O dolo pode manifestar-se sob a forma de ação ou de omissão. "Nos negócios jurídicos bilaterais, o silêncio intencional de uma das partes a respeito de fato ou qualidade que a outra parte haja ignorado, constitui omissão dolosa, provando-se que sem ela o negócio não se teria celebrado" (art. 147 do CC)."
Se ambas as partes procedem com dolo, nenhuma delas pode alegá-lo para anular ou reclamar indenização (art. 150 do CC).
Se houver dolo do representante de uma das partes, a representada só será responsável pelos danos causados à medida que tiver proveito  com a operação (art. 149 do CC).

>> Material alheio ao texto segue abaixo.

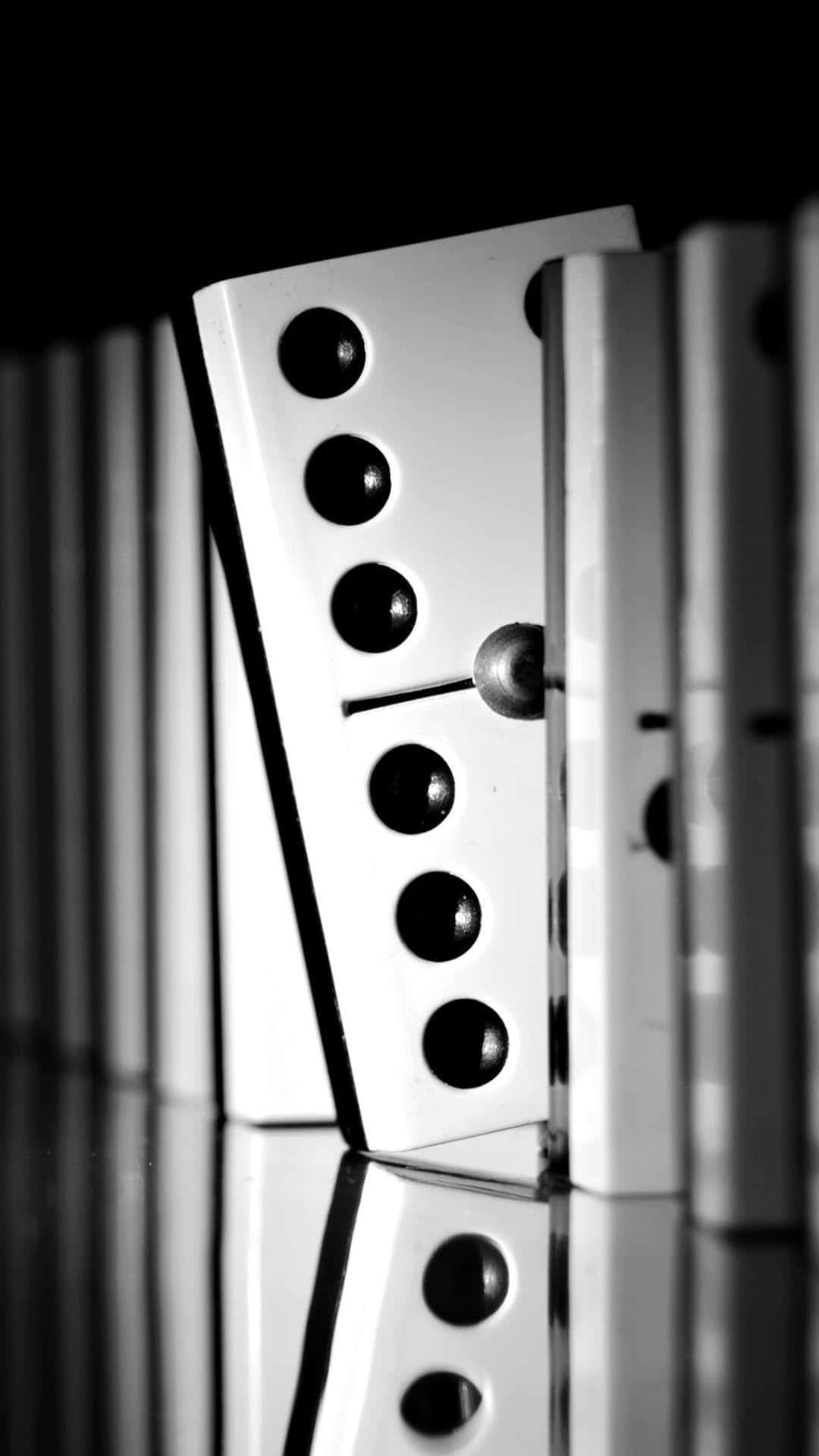 Domino 桌布 壁紙 — 黑白特寫，一排多米諾骨牌中有一塊正在反光表面上倒下。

A ideia dominante é a irresponsabilidade do representado pelo ato ilícito do representante, salvo se com ele tiver alguma vantagem, caso em que responde pelo prejuízo do terceiro até o limite da vantagem auferida, a fim de ser evitado o enriquecimento sem causa.
O prazo para anulação do negócio jurídico no qual houve dolo é de quatro anos. (art. 171 do CC)

(Trecho da obra Direito Civil - Introdução e Parte Geral - v. I - Arnoldo Wald - Editora Saraiva )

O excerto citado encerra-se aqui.